Jews in France want to have their “gateau” and eat it too, according to U.S. Treasury Secretary Jack Lew, who met in Paris with French Jewish leaders on Monday.
“What I heard was a real desire to stay in France and have France be a place where they felt safe,” Lew told Jewish media in a conference call from Poland. Lew was in Europe to lead a U.S. delegation to ceremonies marking 70 years since the liberation of the Nazi death camps at Auschwitz.
He said Chief Rabbi Haim Korsia and Union of Jewish Communities of France President Dr. Joel Mergui told him they “believe in France.”
Jewish leaders did not hide their communities’ mourning for losses resulting from the horrific terror attacks perpetrated earlier this month, Lew noted. But they had “deep convictions in the importance of the values they believe in, in France” as “we believe in, in the United States,” he told reporters.

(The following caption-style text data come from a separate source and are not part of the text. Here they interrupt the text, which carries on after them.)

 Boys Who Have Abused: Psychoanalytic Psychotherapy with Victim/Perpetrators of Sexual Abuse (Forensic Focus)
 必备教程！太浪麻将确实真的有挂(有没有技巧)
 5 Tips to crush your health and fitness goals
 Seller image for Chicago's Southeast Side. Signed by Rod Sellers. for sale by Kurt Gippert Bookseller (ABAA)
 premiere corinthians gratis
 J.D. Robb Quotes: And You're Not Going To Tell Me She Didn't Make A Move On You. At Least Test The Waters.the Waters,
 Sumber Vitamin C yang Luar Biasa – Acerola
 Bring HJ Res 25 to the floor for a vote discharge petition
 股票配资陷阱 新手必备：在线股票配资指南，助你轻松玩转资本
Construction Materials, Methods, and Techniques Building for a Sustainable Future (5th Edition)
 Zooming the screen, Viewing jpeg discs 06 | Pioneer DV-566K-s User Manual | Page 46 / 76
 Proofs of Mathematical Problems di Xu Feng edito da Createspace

The American official, who himself is an observant Jew, carefully avoided an mention of the controversial speech in Paris by Israeli Prime Minister Binyamin Netanyahu at the Grand Synagogue in Paris following the millions-strong unity march against terror.
Netanyahu and French President Francois Hollande – who had earlier requested the Israeli prime minister not come to the event in the first place – were both greeted by cheers from the crowd at the synagogue.
“Those who murdered Jews at a synagogue in Jerusalem and those who murdered Jews and [Gentile and Jewish] journalists in Paris are part of the same problem. We must condemn them and fight them!” Netanyahu asserted in his address.
But the Israeli leader also reminded those gathered that the Jewish homeland remained available as an option to Jews who wished to consider an alternative and move away from growing anti-Semitism in Europe, in France.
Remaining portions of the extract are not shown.